Paycheck Protection Program (“PPP”)

PPP fraud can occur at either the application or forgiveness stage and each stage may present different red flags for your staff to identify.

Application Stage Red Flags

• Failure to provide appropriate documentation supporting employee history,
• A customer states they are unable to provide corporate documents or secretary of state filings supporting the existence of an incorporated business,
• An applicants may inflate payroll to qualify for a higher loan amount (loan amounts are based on 2.5x the cost of payroll),
• Multiple applications are submitted from eligible businesses using phished information,
• A customer has no history of conducting business with the financial institution or has no online presence related to their business.

Forgiveness Stage Red Flags

• A businesses must provide proof of how loan funds are used to determine how much of the loan will be eligible for forgiveness and thus the failure to provide such documentation indicates funds were misappropriated,
• The loan funds have been funneled into an account with a different name than the applicant or business (this may also be a red flag at the application stage),
• A borrowers may try to manipulate funds or documents to meet forgiveness eligibility.

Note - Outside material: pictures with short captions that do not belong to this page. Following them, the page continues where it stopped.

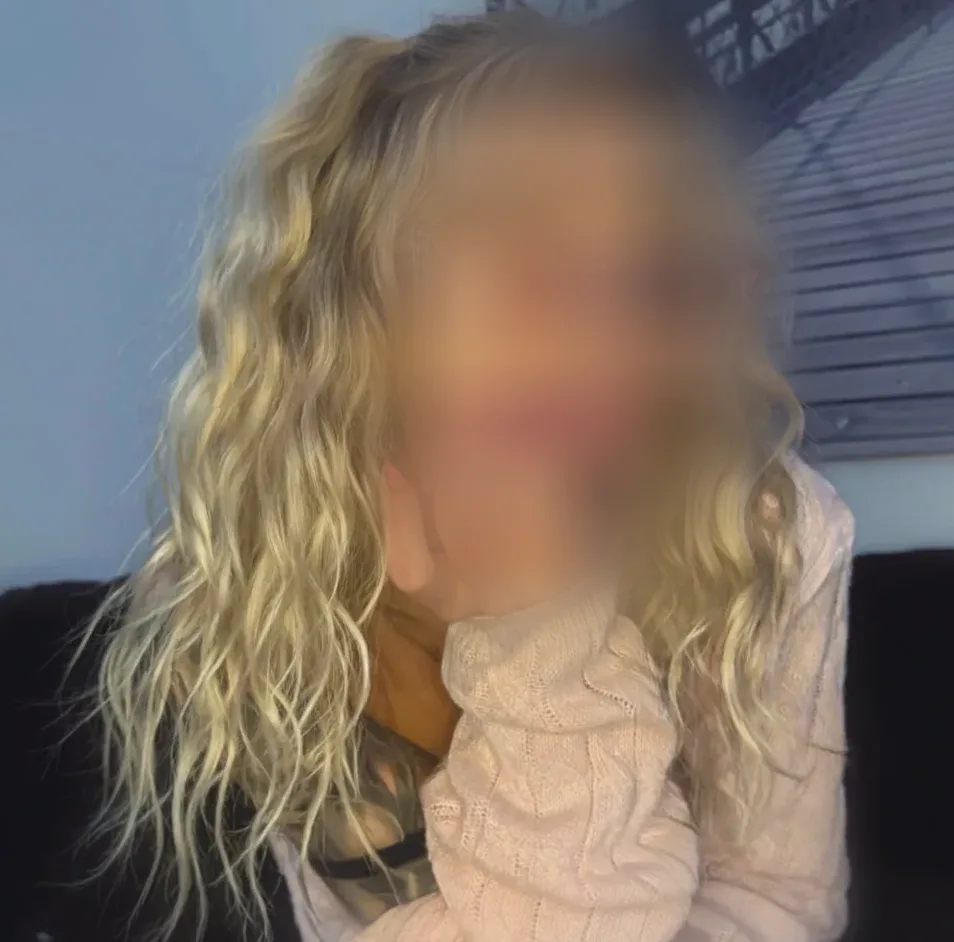 Marlies, 23
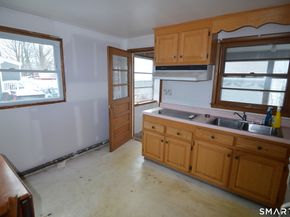 120 Chelsea Street, Stratford CT 06615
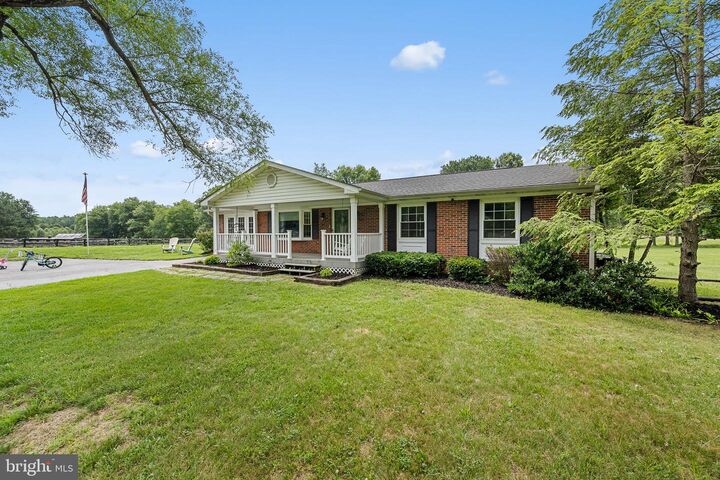 Property Photo: 43581 Lost Corner Road VA 20176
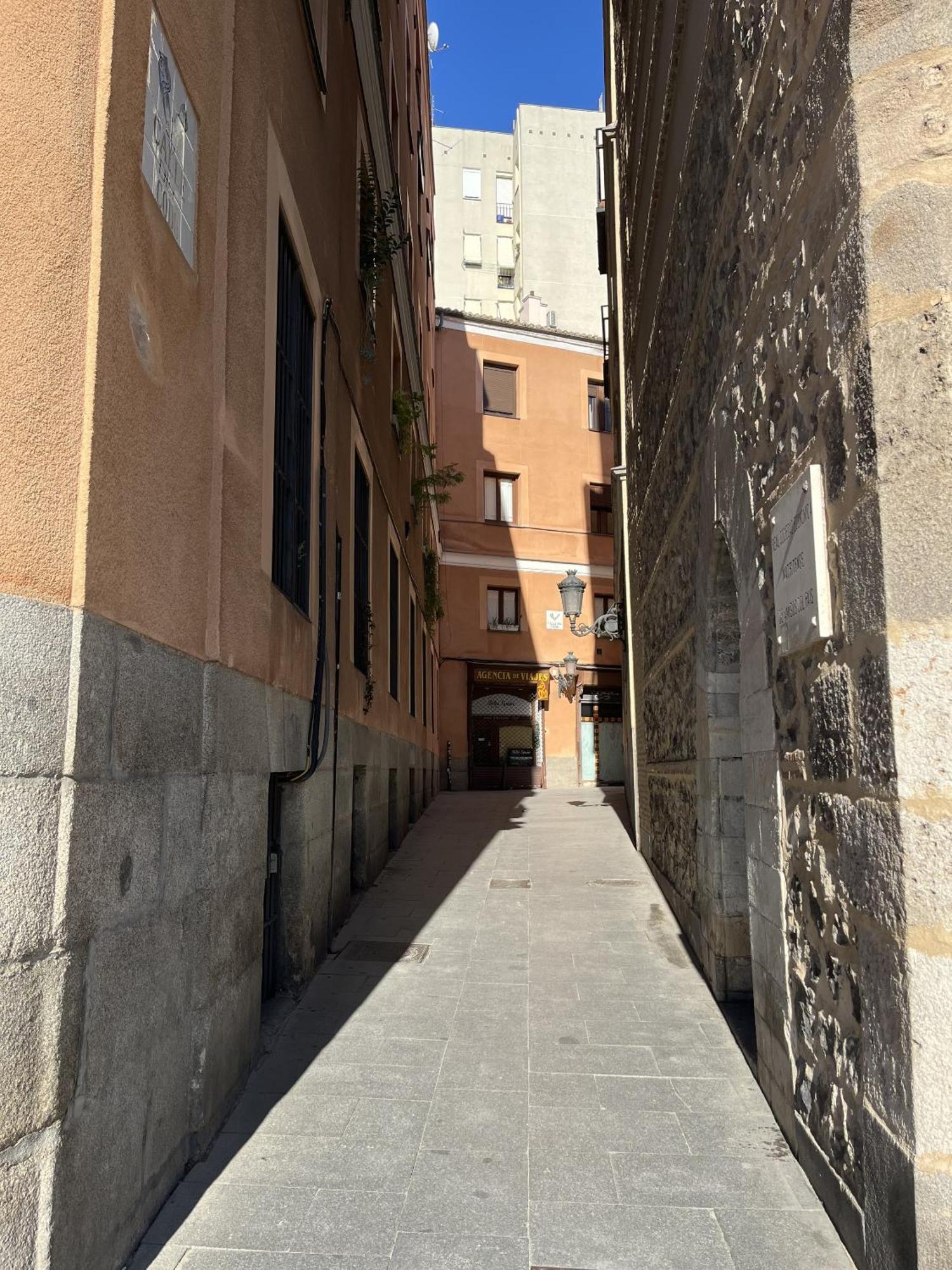 Dplace To Be - Exclusive Apartments In Historic Center Madrid Exterior photo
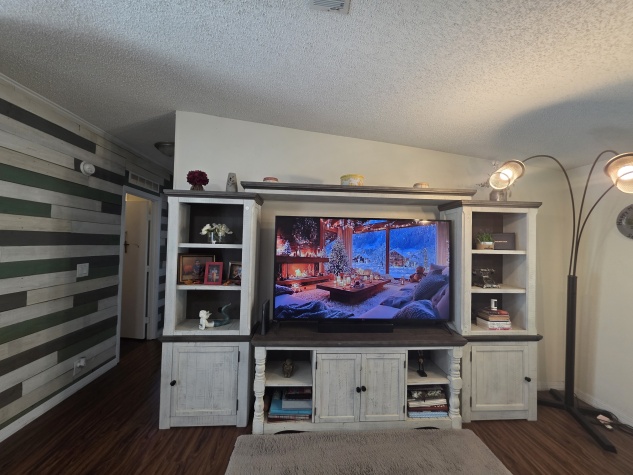 3206 Sunset Oaks Dr, Plant City, Florida 33563, 3 Bedrooms Bedrooms, ,2 BathroomsBathrooms,All - Age Mobile Home,For Sale,Sunset Oaks Dr,4300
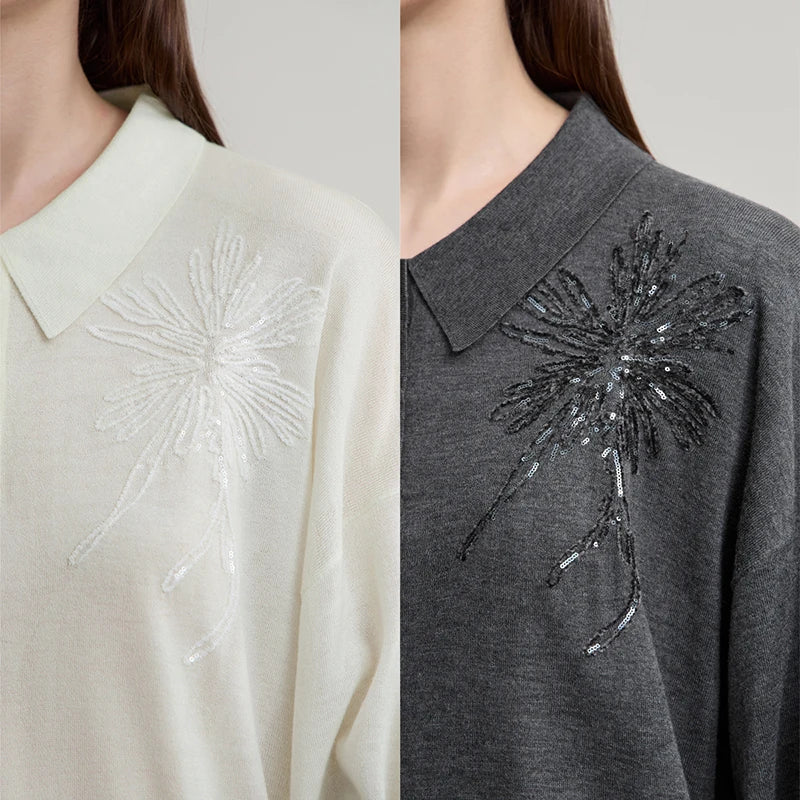 Polo-Pullover im Vergleich: creme und dunkelgrau mit Glitzerblüten-Applikation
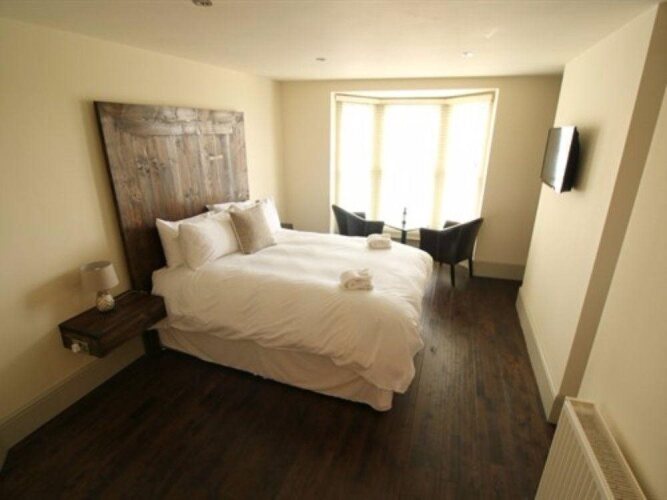 The Tree House HotelOver view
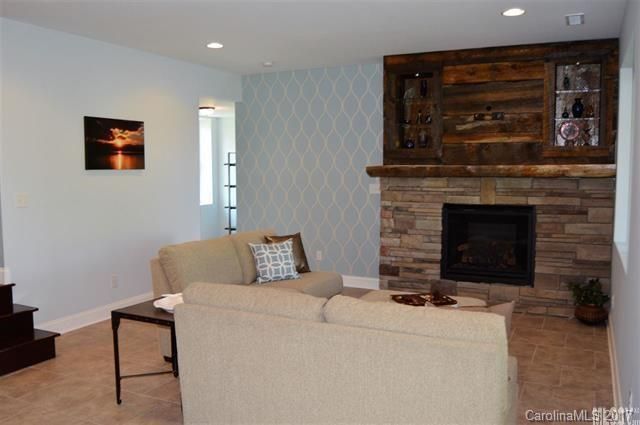 Hickory, NC 28601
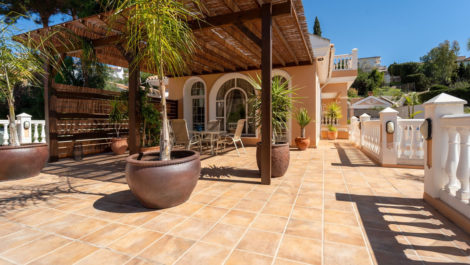 Villas de 5 dormitorios en venta en Mijas – R5247973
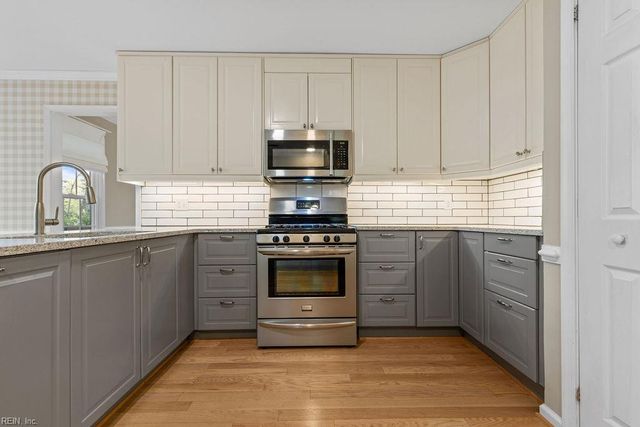 603 Gatling Pointe PW, Smithfield, VA 23430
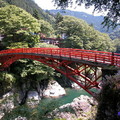 登龍橋在三峰口駅往三峯神社的路上，沿途山林溪谷，巨木夾道，風景頗有靈氣之美。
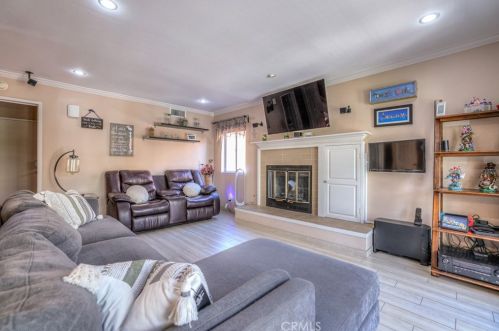 2128 Sunrise Cir, Upland CA 91784-7334 exterior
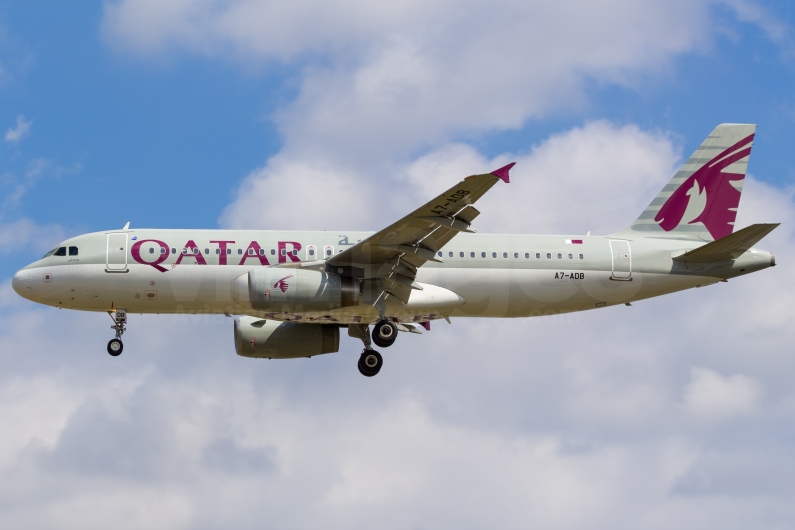 Qatar Airways Airbus A320-232 A7-ADB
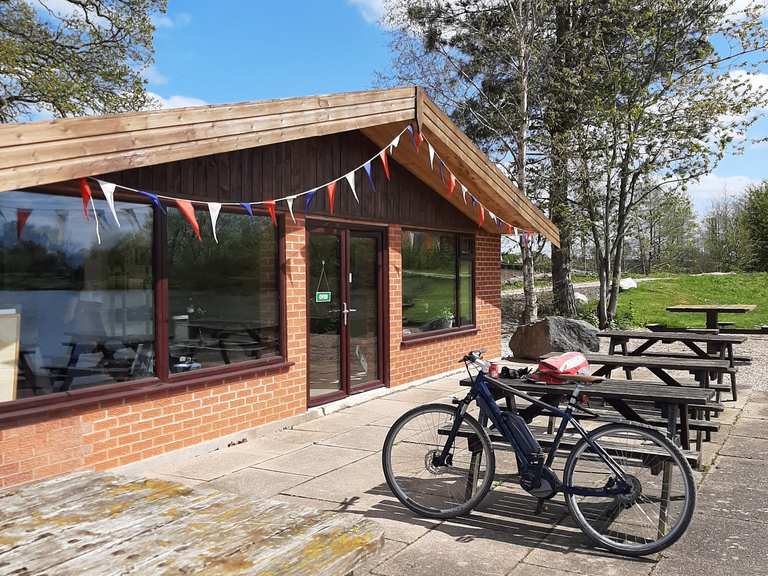 Longford Fisheries lakeside cafe Radtouren und Radwege komoot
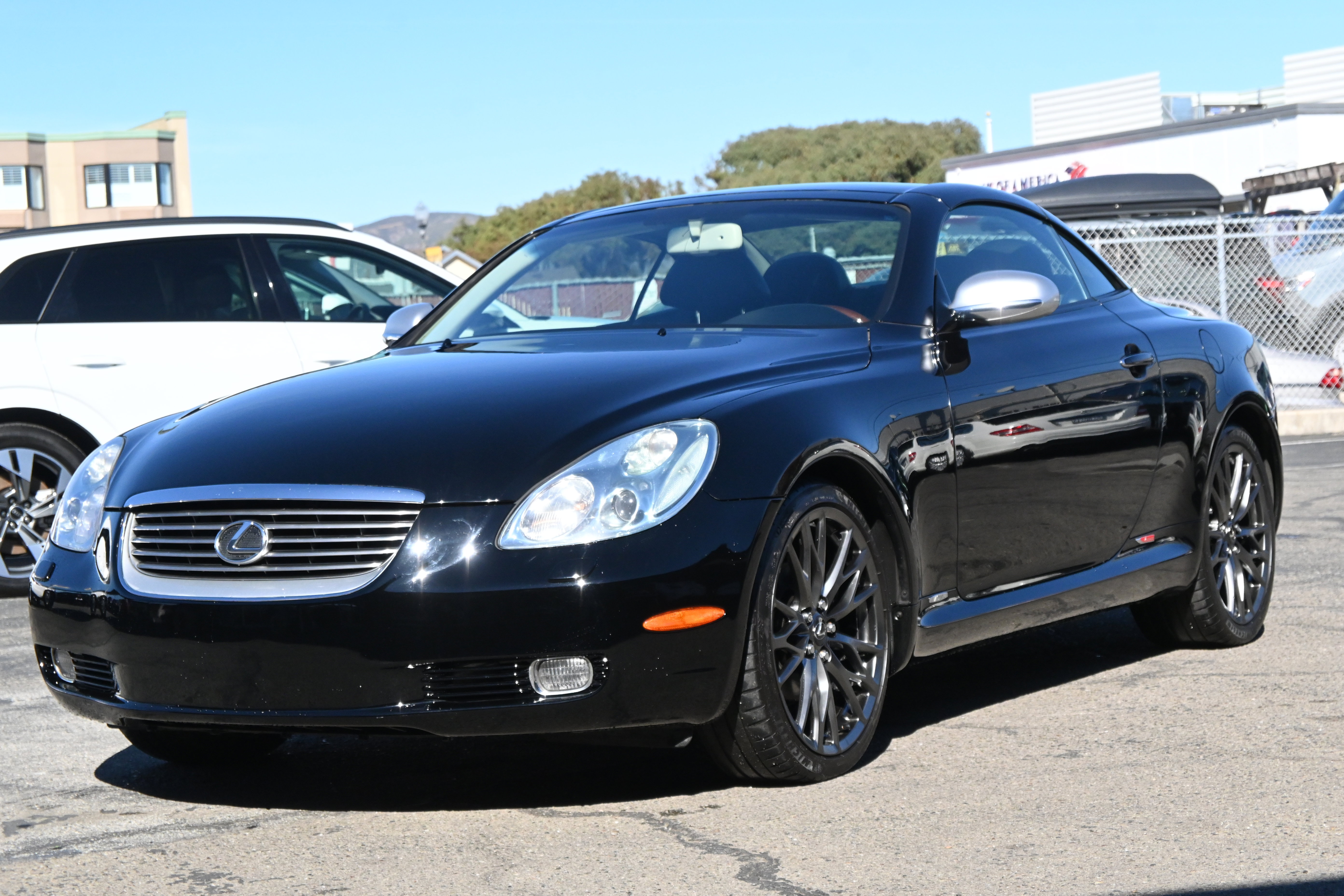 Used 2005 Lexus SC 430 Convertible image 1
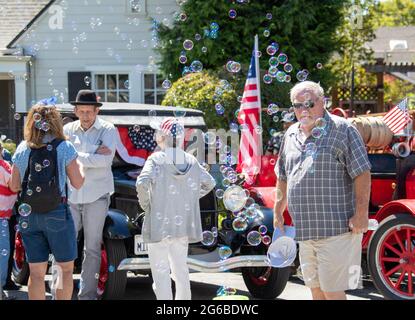 San Jose, États-Unis. 4 juillet 2021. Les gens assistent à des activités dans une rue pour célébrer la Journée de l'indépendance des États-Unis à San Jose, Californie, États-Unis, le 4 juillet 2021. Crédit: Dong Xudong/Xinhua/Alay Live News Banque D'Images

As a reminder, financial institutions that assisted new customers in applying for PPP loans should revisit those customers and ensure they have collected the following information from all natural persons with a 20% or greater ownership stake in the applicant business to satisfy applicable BSA and FinCEN regulations governing the collection of beneficial ownership information:

• Owner name,
• Title,
• Ownership %,
• TIN,
• Address, and
• Date of birth

Unemployment Benefit Program

Examples of COVID-19 unemployment suspicious activity include, but are not limited to, the following:

• employees who return to work but continue to collect unemployment insurance benefits,
• mass or batch uploads of employee wage records,
• fictitious employer schemes or “two-sided” schemes,
• unemployment insurance benefits that are deposited into common bank accounts,
• claimants filing under synthetic or stolen identities,
• claimants filing for inmates, deceased persons, or out-of-state applicants; or,
• fictitious businesses that hire and then layoff “employees” in order to file unemployment insurance claims.